I think one of the best rewards for investing in the stock markets is the steady stream of passive income it can earn me. And after last year’s dividend drought, now appears to be a good time to pick my future investments. There is a range of dirt-cheap UK stocks that also offer 10%+ dividend yields. In fact, I have made investments in many of these already. But I like to keep it somewhat safe. So I have restricted my search to only FTSE 100 and FTSE 250 stocks. This is because these typically cover quality companies.
A dirt-cheap stock with the best dividend yield around
The FTSE 250 iron ore miner Ferrexpo offers the biggest yield among these, at 12.6%. I bought the stock recently, based on its high dividend yield and my assessment of its future. Like many other industrial metal miners, it has seen a sharp drop in share price in recent months, making it a dirt-cheap stock in my opinion.
Iron prices have been tapering, and forecasters are factoring in even lower prices in 2022, as Chinese demand is expected to slow down. But a downward revision does not mean a price crash. In fact, iron ore price is still elevated compared to last year. And if the economic recovery remains robust, demand can remain strong as well. So I remain optimistic about it.
Highest FTSE 100 dividend yield
There’s a similar story for the stock with the next biggest dividend yield. FTSE 100 metal miner and steel producer Evraz offers a yield of 12.2% and has seen a share price drop in the past few months. Besides a correction in metal prices, the company is also facing higher taxes in its home country of Russia. I reckon these are among the reasons why analysts expect its earnings to decline next year. A drop in earnings can also have a bearing on its dividends.
Even then, its forward dividend yield is expected to be 8.5%, which looks pretty good to me. These projections can be subject to change based on evolving circumstances, but are still a good place to start. Keeping this in mind, I have bought the stock for my income investments.
Promising dividends but delisting due
Another FTSE 100 miner, BHP offers the next highest dividend yield of 11.3%. The Anglo-Australian commodity producer is in fine shape. Both its revenues and net income increased by 42% for the financial year ending 30 June, compared to the year before.
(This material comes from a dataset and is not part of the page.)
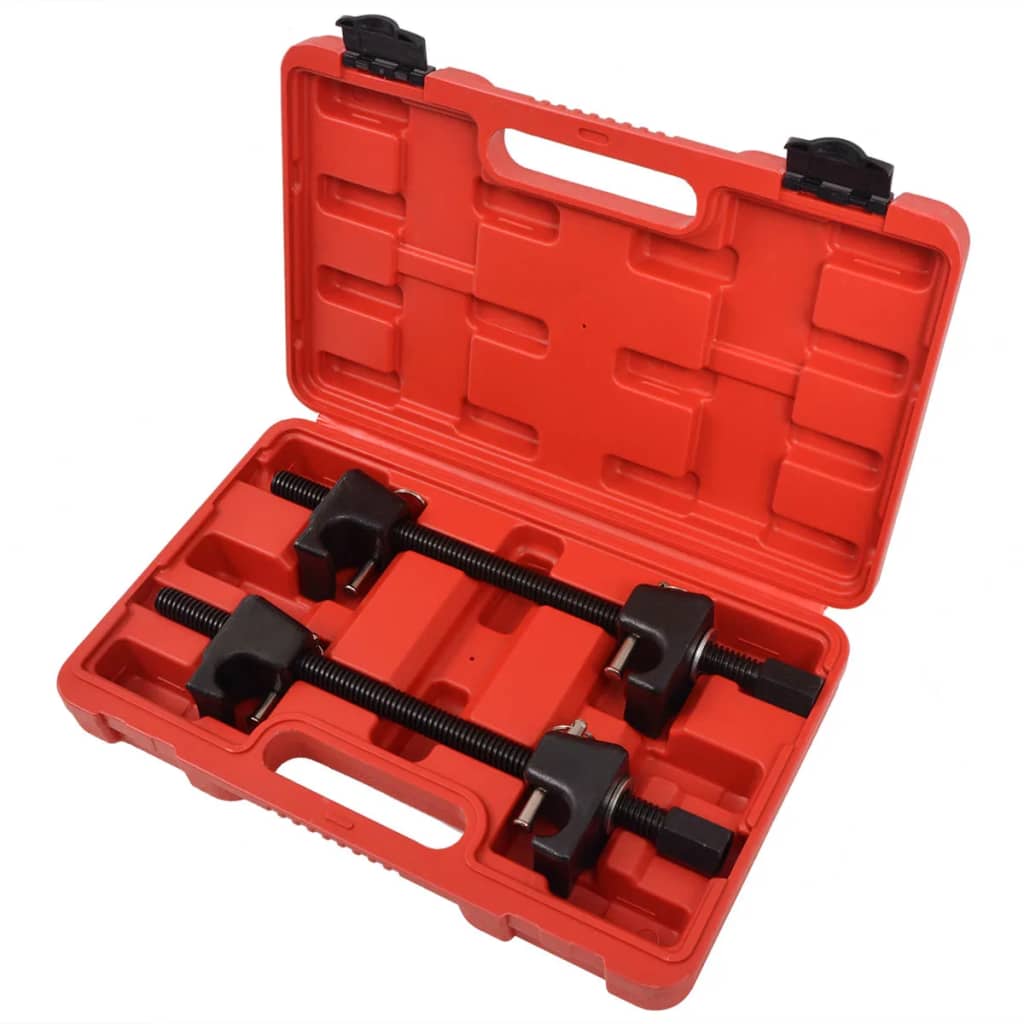 Berkfield MacPherson Strut Spring Compressor 26 cm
But like all other miners, its share price has fallen in the past couple of months, making it quite cheap, though over the past year it is still up over 20%.
There is little not to like about it from the performance perspective, but I have held back from buying the stock because it is planning to get delisted from the London Stock Exchange soon. And the focus of this article is UK stocks, which it technically will not be soon.
A financial services UK stock with high dividends
The FTSE 250 trading platform CMC Markets also offers an 11.3% dividend yield. With a low price-to-earnings (P/E) ratio of 4.4 times, it is one of the cheapest stocks I know of that is otherwise performing well. Its share price saw a steep fall in early September after it reduced its earnings guidance for the financial year ending 31 March 2022.
Even then, I think the crash in its share price has been disproportionate compared to the expected cooling off in earnings. As a result, the attractiveness of the stock has only risen for me and I have bought some of CMC’s shares as well.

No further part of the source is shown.